MATERIALS PROVIDED:
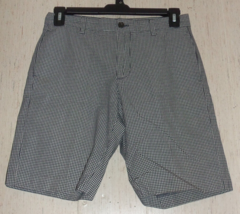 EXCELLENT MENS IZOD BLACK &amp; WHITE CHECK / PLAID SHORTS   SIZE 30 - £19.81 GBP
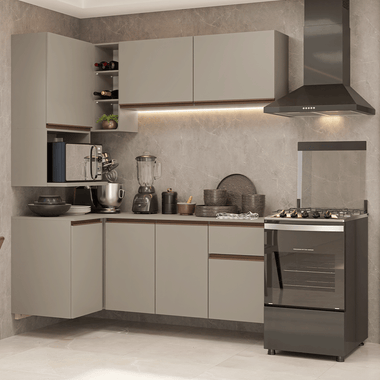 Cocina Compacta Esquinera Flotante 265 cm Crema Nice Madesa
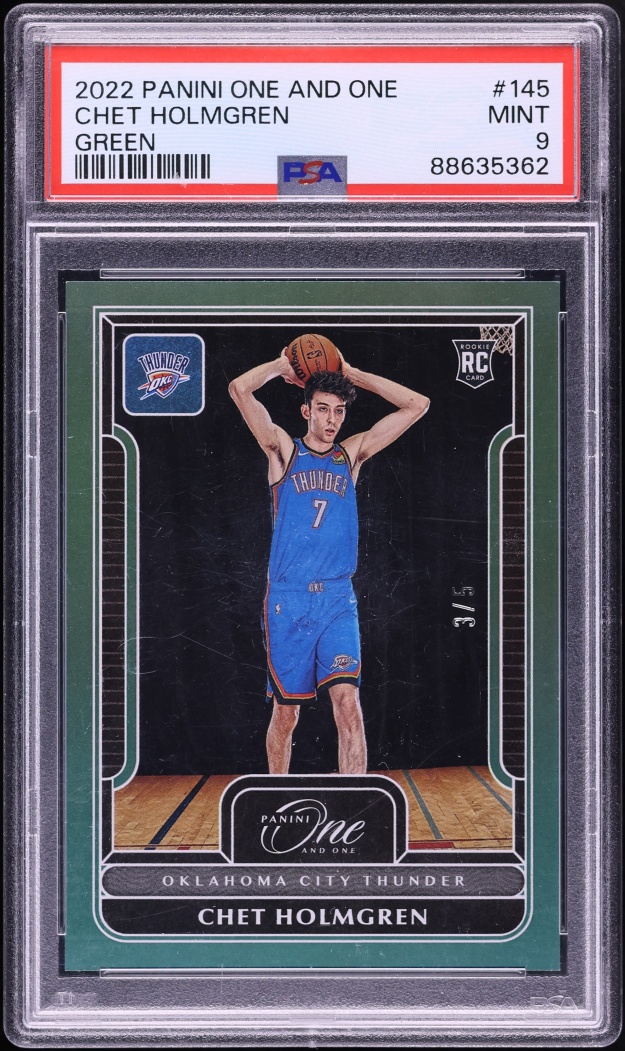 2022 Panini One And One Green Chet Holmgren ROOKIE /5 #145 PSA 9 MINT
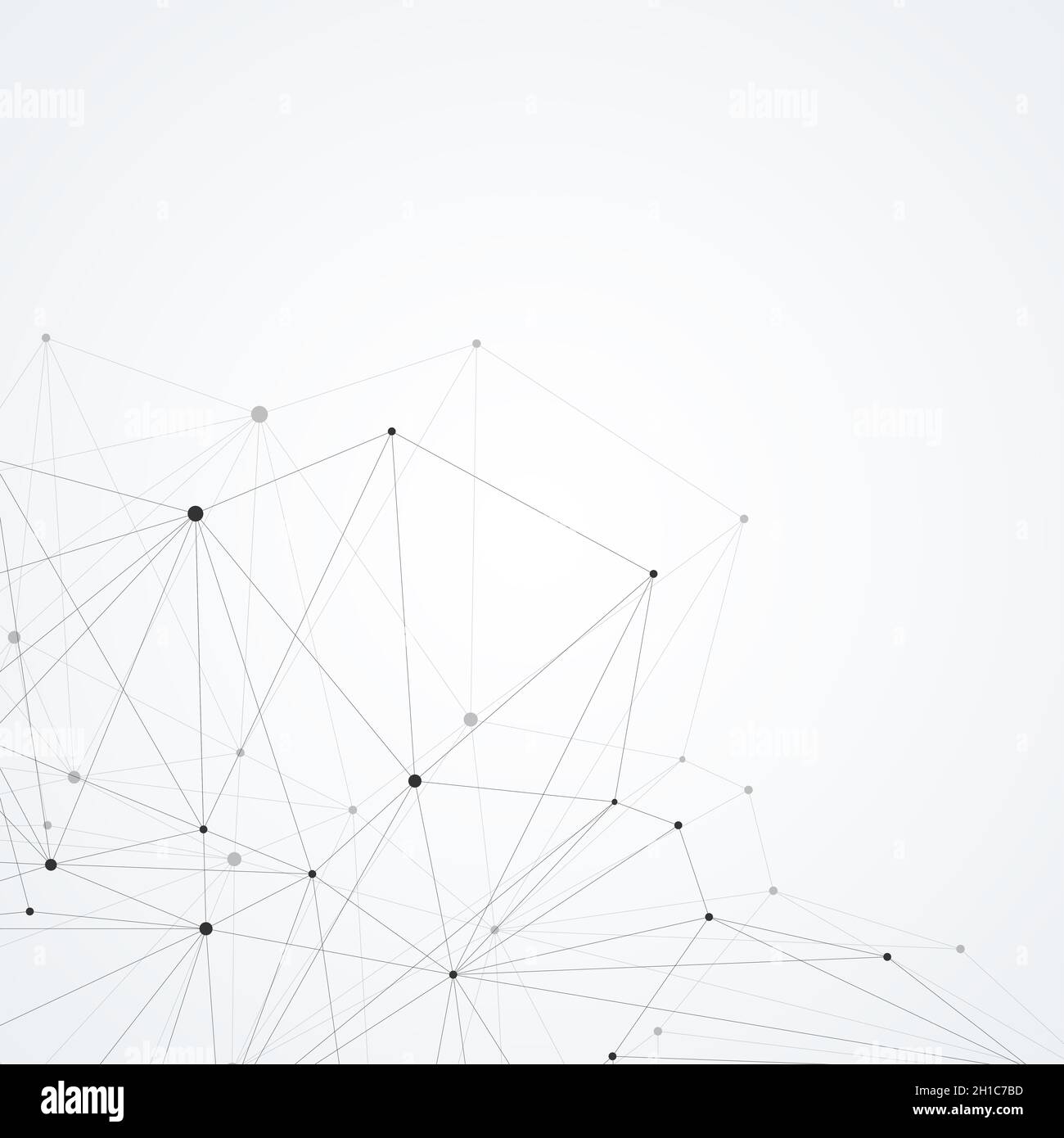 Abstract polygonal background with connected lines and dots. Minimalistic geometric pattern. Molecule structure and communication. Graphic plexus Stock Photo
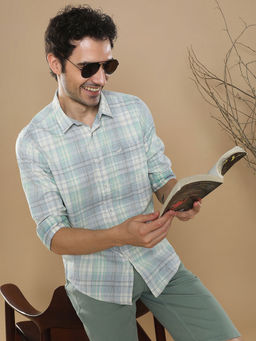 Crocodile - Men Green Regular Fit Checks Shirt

REQUIRED WORK: Return the full listing exactly as it appears above, without its pictures.

SOLUTION FOR THIS EXERCISE:
 EXCELLENT MENS IZOD BLACK &amp; WHITE CHECK / PLAID SHORTS   SIZE 30 - £19.81 GBP
 Cocina Compacta Esquinera Flotante 265 cm Crema Nice Madesa
 2022 Panini One And One Green Chet Holmgren ROOKIE /5 #145 PSA 9 MINT
 Abstract polygonal background with connected lines and dots. Minimalistic geometric pattern. Molecule structure and communication. Graphic plexus Stock Photo
 Crocodile - Men Green Regular Fit Checks Shirt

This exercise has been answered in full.